All these new proposals can improve the search experience of users, but they all have important limitations. 


Compared to visualizations of clustering, the treemaps provide extra information on the thematic focus of the 
retrieved documents and the semantic relationships among them. However, the treemaps do not provide 
information on the distribution and thematic structure of each document. Tag clouds also provide extra 
information on the thematic focus of the retrieved document but, they do not provide information on possible 
semantic relationships between documents, nor orientation on the distribution and thematic structure of each of 
these documents.
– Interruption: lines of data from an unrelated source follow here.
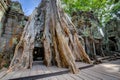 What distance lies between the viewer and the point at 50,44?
5.85 meters

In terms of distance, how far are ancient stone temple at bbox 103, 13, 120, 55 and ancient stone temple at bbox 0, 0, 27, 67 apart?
1319 cm

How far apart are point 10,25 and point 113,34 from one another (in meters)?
17.0

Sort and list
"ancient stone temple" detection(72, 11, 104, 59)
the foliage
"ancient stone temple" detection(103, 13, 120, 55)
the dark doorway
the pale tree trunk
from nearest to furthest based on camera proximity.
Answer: the pale tree trunk → the dark doorway → "ancient stone temple" detection(72, 11, 104, 59) → the foliage → "ancient stone temple" detection(103, 13, 120, 55)

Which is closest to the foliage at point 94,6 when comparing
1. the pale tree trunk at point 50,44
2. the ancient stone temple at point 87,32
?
the ancient stone temple at point 87,32

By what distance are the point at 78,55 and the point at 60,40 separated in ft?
8.06

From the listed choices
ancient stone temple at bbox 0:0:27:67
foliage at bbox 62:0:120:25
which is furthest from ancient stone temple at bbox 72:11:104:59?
ancient stone temple at bbox 0:0:27:67

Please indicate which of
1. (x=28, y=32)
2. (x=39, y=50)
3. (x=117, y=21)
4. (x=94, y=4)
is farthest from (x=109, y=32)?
(x=28, y=32)

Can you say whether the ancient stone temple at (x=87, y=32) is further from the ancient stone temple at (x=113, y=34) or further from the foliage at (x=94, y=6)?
the ancient stone temple at (x=113, y=34)

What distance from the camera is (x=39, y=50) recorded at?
33.8 feet

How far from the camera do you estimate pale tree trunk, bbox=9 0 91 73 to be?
4.72m

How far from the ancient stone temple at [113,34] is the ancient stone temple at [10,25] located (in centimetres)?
1319

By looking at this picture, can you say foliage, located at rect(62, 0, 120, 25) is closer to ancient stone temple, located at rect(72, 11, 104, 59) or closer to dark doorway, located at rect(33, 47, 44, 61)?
ancient stone temple, located at rect(72, 11, 104, 59)

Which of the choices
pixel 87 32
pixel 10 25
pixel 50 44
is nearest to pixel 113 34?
pixel 87 32

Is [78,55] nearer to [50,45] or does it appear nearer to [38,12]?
[50,45]
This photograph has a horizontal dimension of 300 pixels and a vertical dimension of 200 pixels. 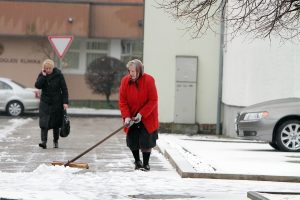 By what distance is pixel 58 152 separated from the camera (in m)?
18.0

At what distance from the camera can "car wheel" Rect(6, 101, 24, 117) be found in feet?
113

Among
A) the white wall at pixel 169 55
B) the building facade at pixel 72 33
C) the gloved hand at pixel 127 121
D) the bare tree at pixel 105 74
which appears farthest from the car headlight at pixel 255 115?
the building facade at pixel 72 33

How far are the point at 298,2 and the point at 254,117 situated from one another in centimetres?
757

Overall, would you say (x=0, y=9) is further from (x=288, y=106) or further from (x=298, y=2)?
(x=298, y=2)

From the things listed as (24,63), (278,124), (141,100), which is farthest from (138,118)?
(24,63)

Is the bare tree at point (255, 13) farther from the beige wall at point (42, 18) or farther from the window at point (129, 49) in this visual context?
the window at point (129, 49)

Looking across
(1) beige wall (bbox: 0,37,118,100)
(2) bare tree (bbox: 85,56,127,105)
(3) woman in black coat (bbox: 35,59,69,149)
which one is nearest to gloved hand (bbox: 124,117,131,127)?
(3) woman in black coat (bbox: 35,59,69,149)

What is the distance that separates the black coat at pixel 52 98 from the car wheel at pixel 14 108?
1595 centimetres

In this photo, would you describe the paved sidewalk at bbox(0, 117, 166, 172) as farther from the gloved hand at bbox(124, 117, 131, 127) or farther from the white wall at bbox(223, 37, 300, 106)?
the white wall at bbox(223, 37, 300, 106)

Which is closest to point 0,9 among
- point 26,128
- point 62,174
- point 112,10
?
point 112,10

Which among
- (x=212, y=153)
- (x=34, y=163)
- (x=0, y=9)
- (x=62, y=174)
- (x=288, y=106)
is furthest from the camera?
(x=0, y=9)

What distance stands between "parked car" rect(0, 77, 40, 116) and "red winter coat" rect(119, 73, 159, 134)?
20502mm

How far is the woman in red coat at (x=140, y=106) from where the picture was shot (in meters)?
14.4

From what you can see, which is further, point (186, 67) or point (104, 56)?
point (104, 56) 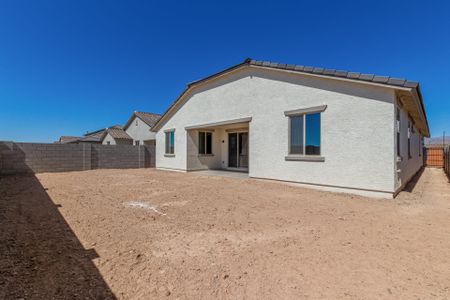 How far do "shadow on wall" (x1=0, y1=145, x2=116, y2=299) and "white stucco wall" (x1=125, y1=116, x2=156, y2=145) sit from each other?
20.1 metres

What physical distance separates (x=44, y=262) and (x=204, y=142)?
471 inches

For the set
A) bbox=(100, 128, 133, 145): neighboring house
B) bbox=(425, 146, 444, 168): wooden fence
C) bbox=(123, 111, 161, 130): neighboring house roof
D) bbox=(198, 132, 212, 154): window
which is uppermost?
bbox=(123, 111, 161, 130): neighboring house roof

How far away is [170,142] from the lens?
52.5 ft

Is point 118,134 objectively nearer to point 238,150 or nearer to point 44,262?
point 238,150

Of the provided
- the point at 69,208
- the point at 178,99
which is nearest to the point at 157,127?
the point at 178,99

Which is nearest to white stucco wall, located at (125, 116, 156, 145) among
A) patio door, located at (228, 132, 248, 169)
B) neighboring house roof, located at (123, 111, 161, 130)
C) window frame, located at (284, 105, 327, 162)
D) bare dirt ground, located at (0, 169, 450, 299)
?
neighboring house roof, located at (123, 111, 161, 130)

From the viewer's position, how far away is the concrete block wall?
12984mm

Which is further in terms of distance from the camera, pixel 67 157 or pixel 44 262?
pixel 67 157

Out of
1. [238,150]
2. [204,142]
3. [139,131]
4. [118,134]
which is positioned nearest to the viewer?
[238,150]

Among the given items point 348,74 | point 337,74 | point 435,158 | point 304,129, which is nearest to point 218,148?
point 304,129

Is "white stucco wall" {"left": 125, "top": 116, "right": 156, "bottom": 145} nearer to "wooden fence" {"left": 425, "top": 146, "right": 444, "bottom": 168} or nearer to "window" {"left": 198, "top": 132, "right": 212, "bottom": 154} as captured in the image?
"window" {"left": 198, "top": 132, "right": 212, "bottom": 154}

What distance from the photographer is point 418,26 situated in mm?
10375

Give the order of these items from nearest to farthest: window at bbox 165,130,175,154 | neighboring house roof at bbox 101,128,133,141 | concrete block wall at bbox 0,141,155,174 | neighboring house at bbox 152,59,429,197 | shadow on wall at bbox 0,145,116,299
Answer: shadow on wall at bbox 0,145,116,299, neighboring house at bbox 152,59,429,197, concrete block wall at bbox 0,141,155,174, window at bbox 165,130,175,154, neighboring house roof at bbox 101,128,133,141

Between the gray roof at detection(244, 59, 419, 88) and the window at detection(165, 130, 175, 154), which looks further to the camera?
the window at detection(165, 130, 175, 154)
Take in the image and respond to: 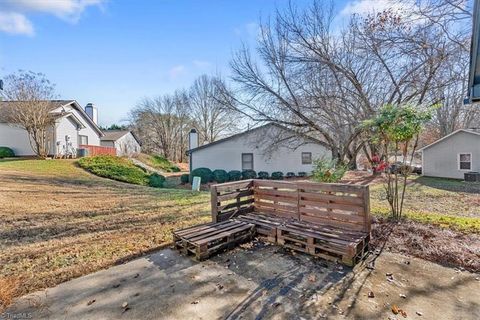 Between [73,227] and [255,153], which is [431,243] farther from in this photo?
[255,153]

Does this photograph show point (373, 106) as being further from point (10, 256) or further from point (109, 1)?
point (10, 256)

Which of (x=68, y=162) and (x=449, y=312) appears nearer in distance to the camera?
(x=449, y=312)

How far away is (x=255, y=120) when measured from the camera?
52.6 ft

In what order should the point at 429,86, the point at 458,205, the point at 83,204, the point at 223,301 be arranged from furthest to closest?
the point at 429,86 → the point at 458,205 → the point at 83,204 → the point at 223,301

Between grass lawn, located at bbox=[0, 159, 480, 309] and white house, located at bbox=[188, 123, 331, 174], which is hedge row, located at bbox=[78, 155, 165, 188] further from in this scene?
grass lawn, located at bbox=[0, 159, 480, 309]

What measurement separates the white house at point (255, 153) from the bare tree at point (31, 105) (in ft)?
33.8

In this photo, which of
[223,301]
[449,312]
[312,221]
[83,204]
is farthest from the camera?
[83,204]

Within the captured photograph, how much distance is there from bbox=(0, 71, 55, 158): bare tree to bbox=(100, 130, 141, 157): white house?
10.3 metres

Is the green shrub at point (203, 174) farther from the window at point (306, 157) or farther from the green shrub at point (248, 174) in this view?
the window at point (306, 157)

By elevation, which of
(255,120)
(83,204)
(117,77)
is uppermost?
(117,77)

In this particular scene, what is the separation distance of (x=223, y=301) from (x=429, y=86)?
13.5m

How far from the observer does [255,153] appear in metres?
18.7

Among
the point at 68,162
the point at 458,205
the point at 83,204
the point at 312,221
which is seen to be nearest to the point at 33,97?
the point at 68,162

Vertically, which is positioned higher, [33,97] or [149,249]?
[33,97] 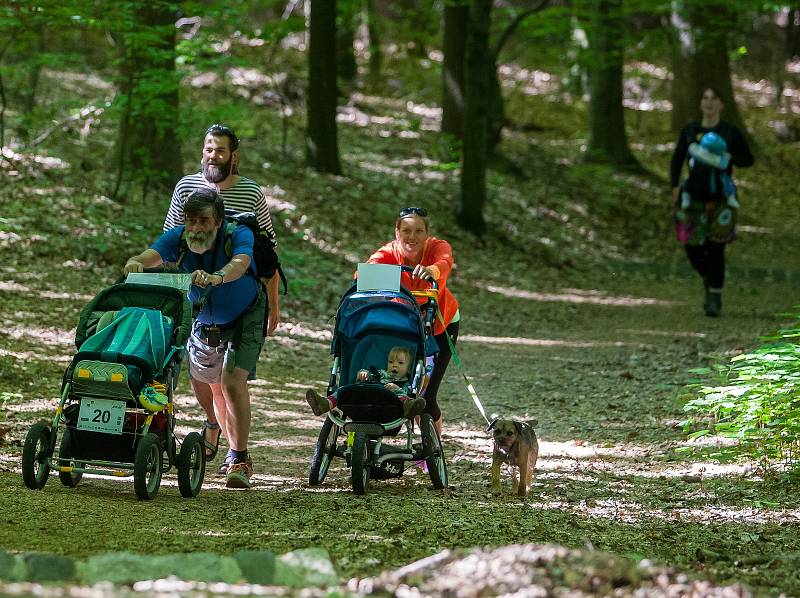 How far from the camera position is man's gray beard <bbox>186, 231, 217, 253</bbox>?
6.25 meters

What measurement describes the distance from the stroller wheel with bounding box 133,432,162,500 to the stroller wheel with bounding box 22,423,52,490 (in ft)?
1.70

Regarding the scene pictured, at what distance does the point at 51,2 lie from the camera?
37.2ft

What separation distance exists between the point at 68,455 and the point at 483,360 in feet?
A: 21.9

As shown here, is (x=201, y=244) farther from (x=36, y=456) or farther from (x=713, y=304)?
(x=713, y=304)

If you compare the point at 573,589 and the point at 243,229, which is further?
the point at 243,229

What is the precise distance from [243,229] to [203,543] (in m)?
2.22

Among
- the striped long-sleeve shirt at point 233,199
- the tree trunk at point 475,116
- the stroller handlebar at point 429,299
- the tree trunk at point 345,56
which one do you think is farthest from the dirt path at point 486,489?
the tree trunk at point 345,56

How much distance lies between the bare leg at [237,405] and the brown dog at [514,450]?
1524mm

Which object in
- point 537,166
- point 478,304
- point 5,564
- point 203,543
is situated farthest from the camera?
point 537,166

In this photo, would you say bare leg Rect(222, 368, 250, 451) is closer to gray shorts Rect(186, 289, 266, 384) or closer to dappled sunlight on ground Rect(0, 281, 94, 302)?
gray shorts Rect(186, 289, 266, 384)

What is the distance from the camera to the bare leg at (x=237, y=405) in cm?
649

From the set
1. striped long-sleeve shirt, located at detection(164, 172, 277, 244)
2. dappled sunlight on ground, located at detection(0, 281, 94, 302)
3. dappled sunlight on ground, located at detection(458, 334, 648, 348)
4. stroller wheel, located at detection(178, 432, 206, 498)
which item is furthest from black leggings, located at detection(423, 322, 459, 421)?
dappled sunlight on ground, located at detection(458, 334, 648, 348)

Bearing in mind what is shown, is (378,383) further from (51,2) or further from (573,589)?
(51,2)

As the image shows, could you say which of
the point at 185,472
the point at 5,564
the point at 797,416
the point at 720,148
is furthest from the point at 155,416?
the point at 720,148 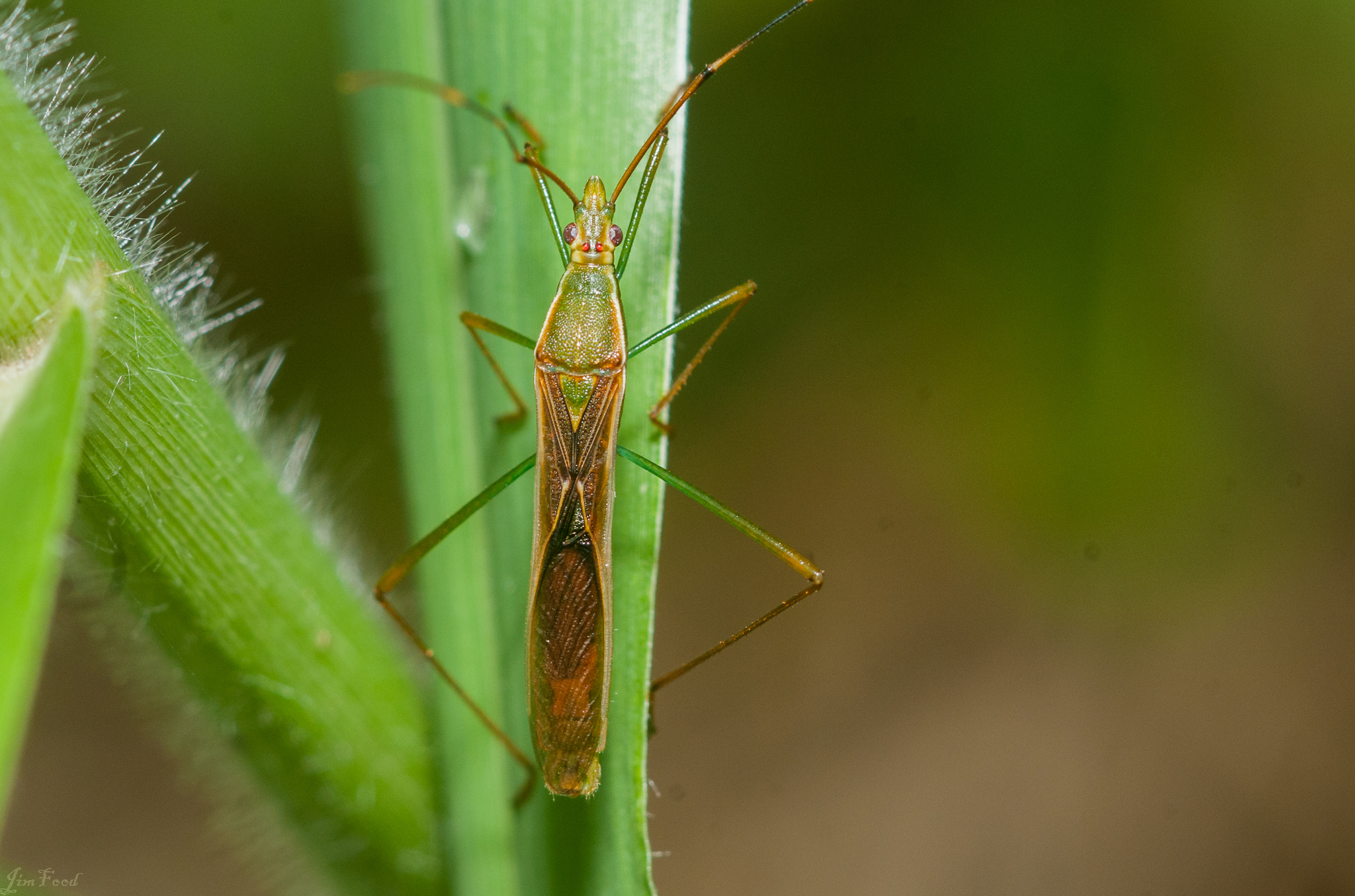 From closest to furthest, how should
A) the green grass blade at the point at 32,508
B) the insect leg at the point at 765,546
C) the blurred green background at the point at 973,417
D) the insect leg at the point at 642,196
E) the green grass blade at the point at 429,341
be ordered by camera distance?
the green grass blade at the point at 32,508, the insect leg at the point at 642,196, the green grass blade at the point at 429,341, the insect leg at the point at 765,546, the blurred green background at the point at 973,417

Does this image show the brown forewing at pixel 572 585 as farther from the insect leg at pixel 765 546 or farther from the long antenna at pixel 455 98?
the long antenna at pixel 455 98

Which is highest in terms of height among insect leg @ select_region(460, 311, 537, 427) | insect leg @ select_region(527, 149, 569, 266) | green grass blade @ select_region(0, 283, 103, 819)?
insect leg @ select_region(527, 149, 569, 266)

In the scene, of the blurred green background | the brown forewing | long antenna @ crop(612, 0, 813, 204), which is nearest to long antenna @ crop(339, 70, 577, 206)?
long antenna @ crop(612, 0, 813, 204)

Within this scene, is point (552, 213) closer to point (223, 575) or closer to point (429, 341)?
point (429, 341)

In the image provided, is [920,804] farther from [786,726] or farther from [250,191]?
[250,191]

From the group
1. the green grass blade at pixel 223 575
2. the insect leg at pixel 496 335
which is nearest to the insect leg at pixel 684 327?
the insect leg at pixel 496 335

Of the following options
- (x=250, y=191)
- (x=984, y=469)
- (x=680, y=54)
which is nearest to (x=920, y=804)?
(x=984, y=469)

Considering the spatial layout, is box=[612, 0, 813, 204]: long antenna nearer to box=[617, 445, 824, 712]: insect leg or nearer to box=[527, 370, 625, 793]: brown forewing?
box=[527, 370, 625, 793]: brown forewing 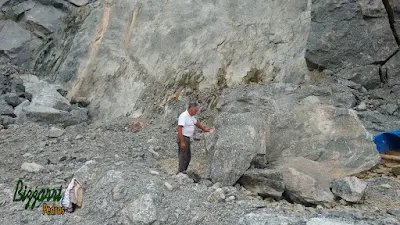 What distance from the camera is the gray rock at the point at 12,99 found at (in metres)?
12.8

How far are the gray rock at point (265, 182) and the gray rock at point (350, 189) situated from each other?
757 millimetres

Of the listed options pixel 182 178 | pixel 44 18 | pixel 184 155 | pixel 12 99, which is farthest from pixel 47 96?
pixel 182 178

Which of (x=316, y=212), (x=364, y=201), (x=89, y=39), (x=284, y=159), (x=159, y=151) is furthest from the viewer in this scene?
(x=89, y=39)

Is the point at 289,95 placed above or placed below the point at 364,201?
above

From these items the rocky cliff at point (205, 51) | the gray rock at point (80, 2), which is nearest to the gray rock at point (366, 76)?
the rocky cliff at point (205, 51)

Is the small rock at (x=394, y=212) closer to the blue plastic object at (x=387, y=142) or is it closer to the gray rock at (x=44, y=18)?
the blue plastic object at (x=387, y=142)

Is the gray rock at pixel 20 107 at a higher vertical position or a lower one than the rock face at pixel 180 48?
lower

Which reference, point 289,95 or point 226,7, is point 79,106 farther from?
point 289,95

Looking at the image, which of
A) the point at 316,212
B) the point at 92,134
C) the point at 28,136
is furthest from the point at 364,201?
the point at 28,136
Finally, the network graphs provide extra information on the thematic focus of the retrieved 
documents and possible semantic relationships between documents, but do not provide the distribution and 
thematic structure of each document. Network graph are also difficult to explore in a comfortable way when they 
include many nodes and edges. Then the use of a zoom to get a global and the partial views of the network is 
needed (Viégas and Donath, 2004). Some authors advocate for combined strategies centring the graph on the 
node that interests the user (Yee et al. 2001) or eliminating those nodes that are not selected by the user (Fellbaum 
2010). 


Visualizations based on the query terms also have important limitations. On the one hand, they only provide 
documents in which the query terms appear. They do not provide extra information on the thematic focus of the 
retrieved documents, nor possible semantic relationships between retrieved documents.They do not give any 
orientation on the distribution and structure of those terms unrelated to each of these retrieved document either.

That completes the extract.